Govt announces relaxation in wheat export notification; allows wheat consignment already registered with Customs prior to May 13 order
The Ministry of Commerce says that wherever wheat consignments have been handed over to the Customs for examination and have been registered into their systems on or prior to May 13, such consignments would be allowed to be exported. Earlier, on May 13, the DGFT had issued an order to restrict wheat exports with immediate effect.
The government has announced some relaxation to its order prohibiting wheat export. The Ministry of Commerce says that wherever wheat consignments have been handed over to the Customs for examination and have been registered into their systems on or prior to May 13, such consignments would be allowed to be exported.
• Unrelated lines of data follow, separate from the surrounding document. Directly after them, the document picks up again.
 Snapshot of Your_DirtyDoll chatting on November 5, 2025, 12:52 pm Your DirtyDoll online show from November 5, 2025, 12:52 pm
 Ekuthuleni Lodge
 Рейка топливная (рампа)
Earlier, on May 13, the Directorate General of Foreign Trade (DGFT), Department of Commerce, had issued an order to restrict wheat exports with immediate effect.
A wheat consignment headed for Egypt, which was already under loading at the Kandla port, has also been allowed. This followed a request by the Egyptian government to permit the wheat cargo being loaded at the Kandla port. M/s Mera International India Pvt. Ltd, the company engaged in export of the wheat to Egypt, had also given a representation for the completion of loading of 61,500 metric tonnes (MT) of wheat, of which 44,340 MT of wheat had already been loaded and only 17,160 MT was left to be loaded. The government decided to permit the full consignment of 61,500 MT and allowed it to sail from Kandla to Egypt.
The government had earlier restricted wheat exports to manage the overall food security situation in India and to support the needs of neighbouring and vulnerable countries that are adversely affected by the sudden changes in the global market for wheat and are unable to access adequate wheat supplies. According to this order, this restriction would not apply in cases where prior commitments have been made by private trade through a Letter of Credit (LoC) as well as in situations where permission is granted by the government to other countries to meet their food security needs and on the requests of their governments.
The order served three main purposes: it ensures India’s food security and checks inflation; it helps other countries facing food deficits; and it maintains India’s reliability as a supplier. The order also aimed to provide a clear direction to the wheat market to prevent the hoarding of wheat supplies.